My investigations in neural networks have led me back to the conclusion that I can't hide from c++ forever. As well as AutoHotKey has served me over the past few years, I fear the power limits may finally be upon me. The fact of the matter is, c++ boasts a raw speed and power with which AHK can't compete. AHK wins for ease-of-use any day...but in algorithmic programming, the speed of c++ wins. As such, I'm bringing out the old c++ compilers again and learning my way around. I used to be pretty fluent in the language, but I've grown pretty rusty and have grown too content with the ease of AHK programming.

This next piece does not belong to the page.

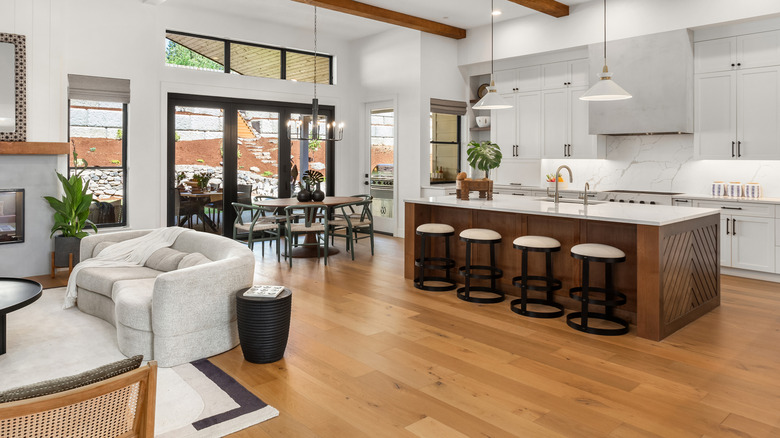 Nhà bếp hiện đại với sàn gỗ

I'm reworking the neural network engine in c++, and looking to gain roughly a 100x performance increase (based on some numbers I've seen around the AHK forums). If there is justice in the world, that could mean 100x better function approximations, 100x larger neural nets, or even 100x better music. Who knows.
If c++ starts working for me again, I have a good compromise in mind. Design the GUIs in AHK, because they generally don't have to do much complicated work. They just have to look friendly. Then do the actually plugin processing in c++ to get the speed advantage. This part doesn't have to look good.
This should also solve another thing I've been worried about: code security from theft. If I really do release mGen, it'd be reverse engineer, cracked, and modified to the world's content by even the least adept hacker. The code of AHK is way too insecure because it's an interpreted language, which means the whole script is sitting right there in memory, waiting to be stolen. In c++, however, everything is compiled down to machine code, which would take way, way longer to reverse engineer. It could still be done. BUT, with c++, I could purchase obfuscation software, which would be the final step in preventing reverse engineering. It wouldn't keep out professionals that really want to crack my program. But obfuscated c++ would be about 1000x harder to reverse engineer than an AHK script (no obfuscation tools even exist for AHK). So that's something that's been sitting in the back of my mind.
Not to mention, it's nice to have an OOP language back. I've missed classes, and I my mind has matured to the point that I can now understand all the basic functions of c++, including classes, pointers & references, inheritance, etc. Hopefully my new neural net engine will prove it.